**** Recorded information ****
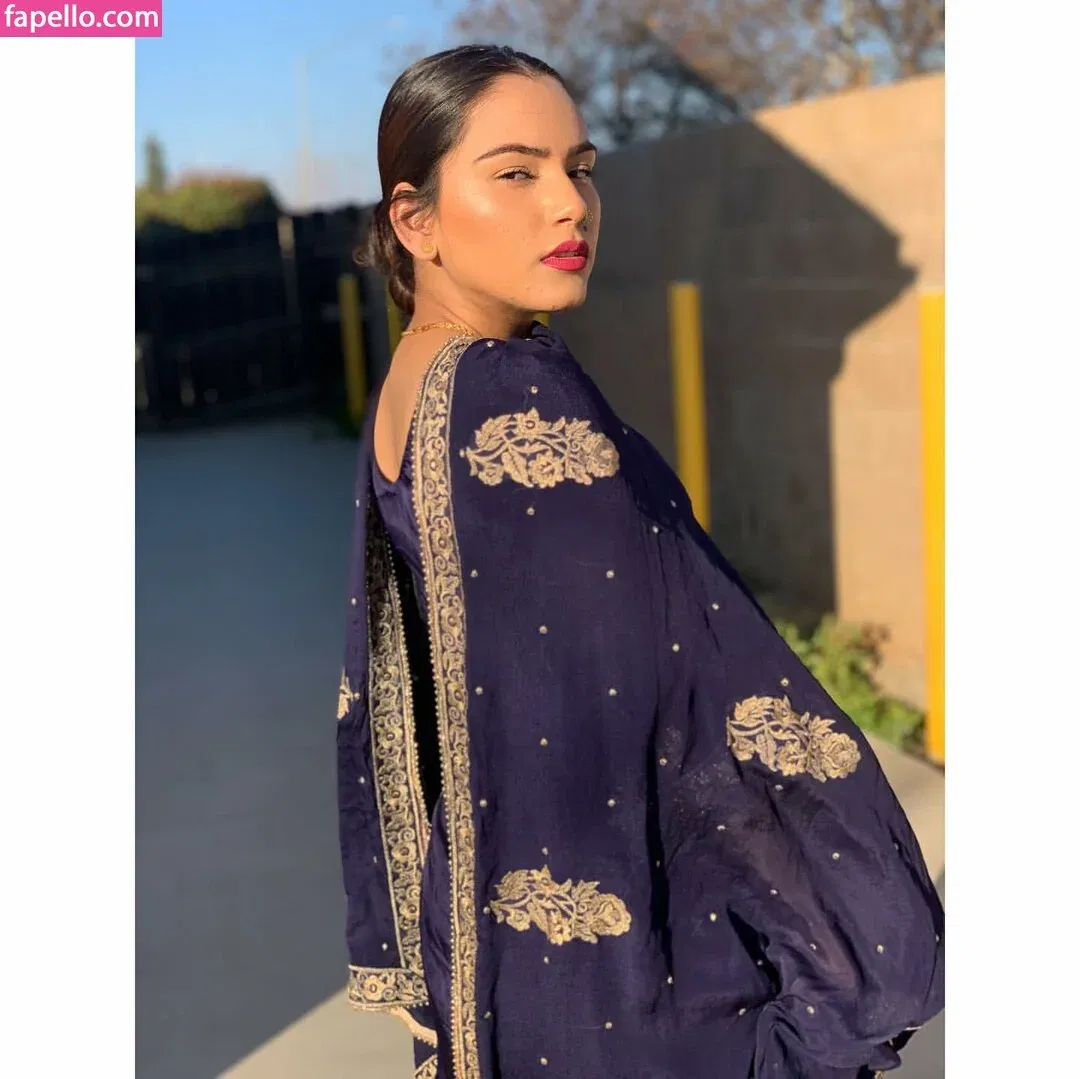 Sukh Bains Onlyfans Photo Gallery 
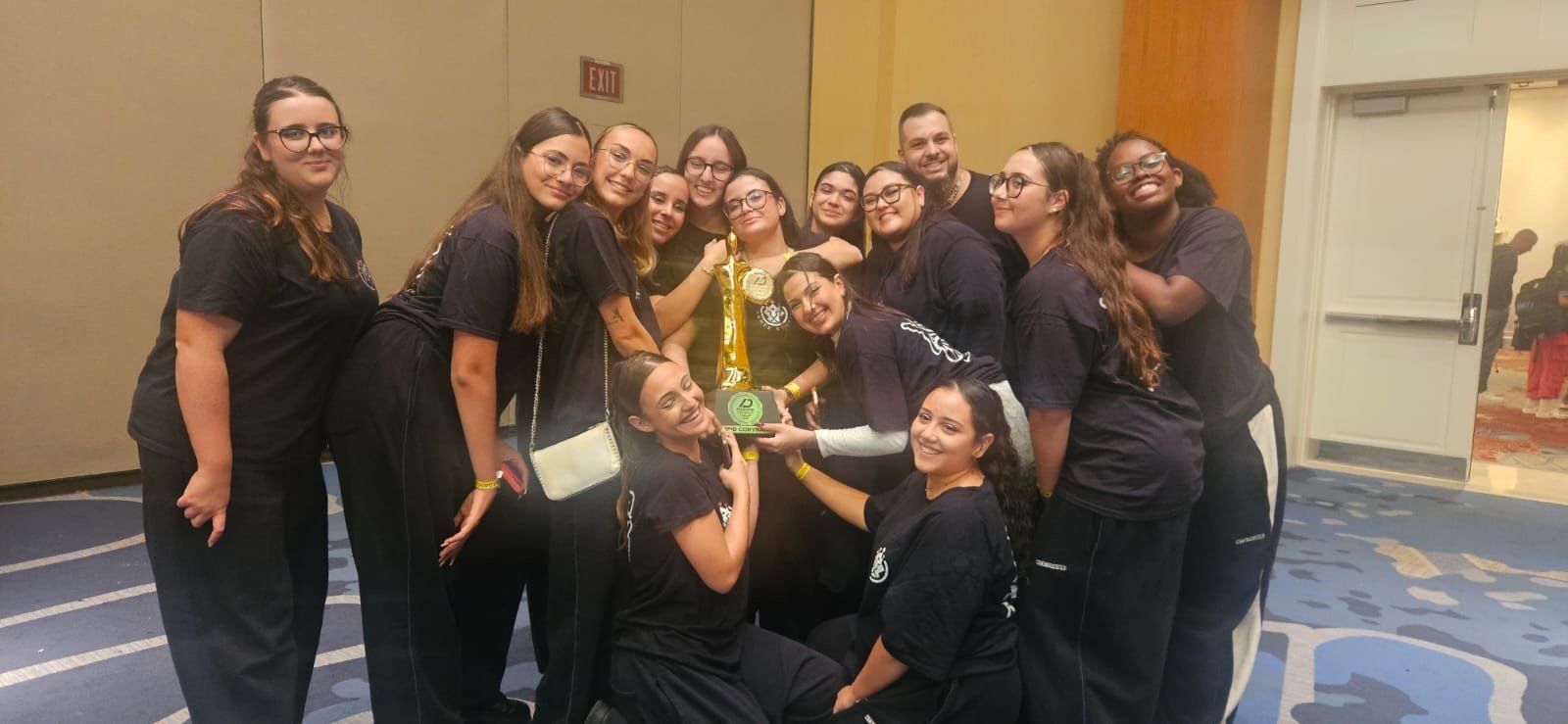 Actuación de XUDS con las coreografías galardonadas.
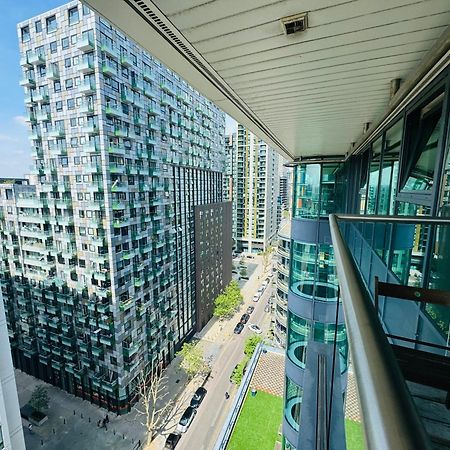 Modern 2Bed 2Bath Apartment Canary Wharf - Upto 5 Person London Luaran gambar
****
### What this task involves
Reproduce the lines above exactly, image-free.

### Answer area
 Sukh Bains Onlyfans Photo Gallery 
 Actuación de XUDS con las coreografías galardonadas.
 Modern 2Bed 2Bath Apartment Canary Wharf - Upto 5 Person London Luaran gambar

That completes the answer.